The International (2009)
Starring: Clive Owen, Naomi Watts, Brian F. O'Byrne, Armin Mueller-Stahl and Allesandro Fabrizi
Director: Tom Tykwer
Rating: Four of Ten Stars

An Interpol agent on the verge of a breakdown (Owen) and a dedicated New York Asst. District Attorney (Watts) team up to investigate a powerful international bank that will stop at nothing to achieve its business goals.


"The International" is a sluggishly paced thriller with a script that could have done with at least one more revision and an end product that should have gone back to the editor.

The bankers featured in this film must be the same guys who were in charge at Washington Mutual or maybe Freddie Mac in recent years, because they're the sort of idiots who would keep issuing loans to people who would never pay them back. If they didn't seem so incompetent, maybe the conspiracies they are engaged in would seem less far fetched and pointless.

The main plot point around which the film revolves--the bank is going to collapse if they don't make a convoluted arms investment scheme work--would have been solved 20 minutes in, if, as a character says in the third act, "You should have come to me first." Of course, that would have meant this would have been a really short movie without any action scenes... but that would have been preferable to what we end up with here.

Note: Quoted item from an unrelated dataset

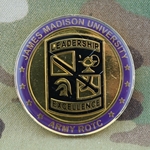 James Madison University, AROTC, Type 1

As it stands, the bankers here are nefarious for no reason other than to be nefarious, and they are so stupid that it boggles the engaged mind our heroes (or even some bumbling US Senator in search of headlines) can't nail them. Of course, the script is so badly written that many of the setbacks are heroes suffer are just as much due to bad luck as the eeeevil powers of the International.

Almost worse than the bad script is the way the film is padded. It's just a few seconds here and few seconds there, but after a while it becomes annoying and obvious. Time and again, we're given establishing shots to establishing shots. Because the film takes its sweet time getting just about every scene underway--presumably because the director thought this would help build suspense--we're given plenty of time to reflect on the story problems in what we are watching unfold.

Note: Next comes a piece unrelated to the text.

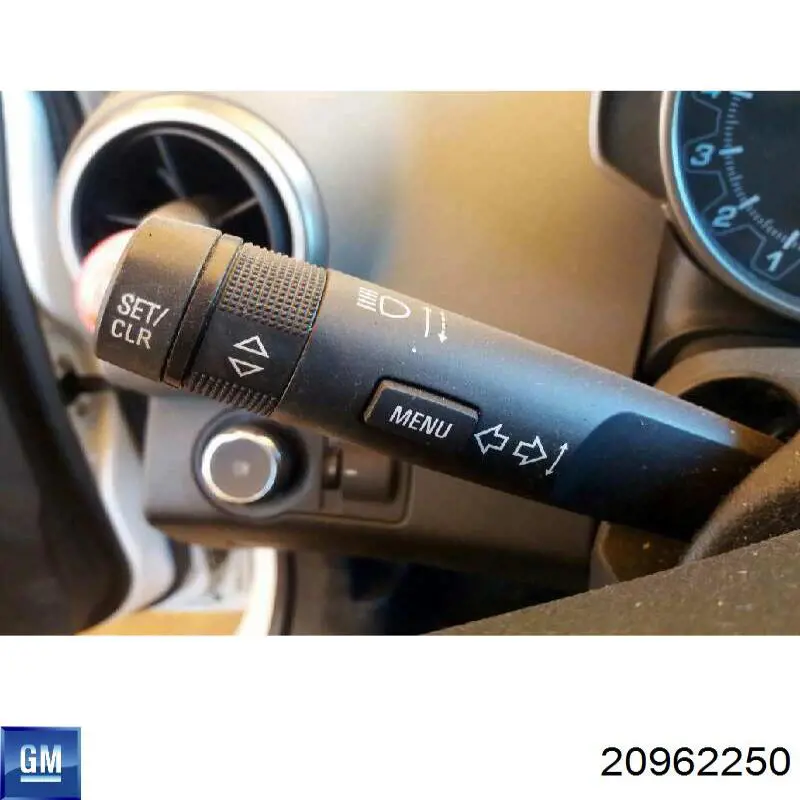 Перемикач підрульовий, лівий General Motors 20962250 ціна, від 15.11 USD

Tip to future filmmakers: If you have a bad script for your thriller, speed things up rather than slow them down. The audience won't have time to catch all the stupidity, and, even if they do, they'll be grateful that the film was only 85 minutes long as opposed to 111 minutes.

"The International" is rather like the conspiracy theories it tries to bring to life as it unfolds--you know, the ones about the Gnomes of Zurich running the world through international banks--in that if you apply any thought to them, they collapse under their own illogic.

Don't waste your time and money on this film. It has decent performances from every featured actor and a very cool shoot-out at the Guggenheim Museum in New York, but these aren't enough to make it worth two hours of your life. (The four rating I'm giving it is a low four.)

Thursday, February 11, 2010

Double Feature: Sandra Bullock does 'Speed'

Lovers of actions movies should keep the following in mind when it comes to the "Speed" cinematic duology: The first one is a must-see, and the second one you should pass on unless it's the very last rental at the video store.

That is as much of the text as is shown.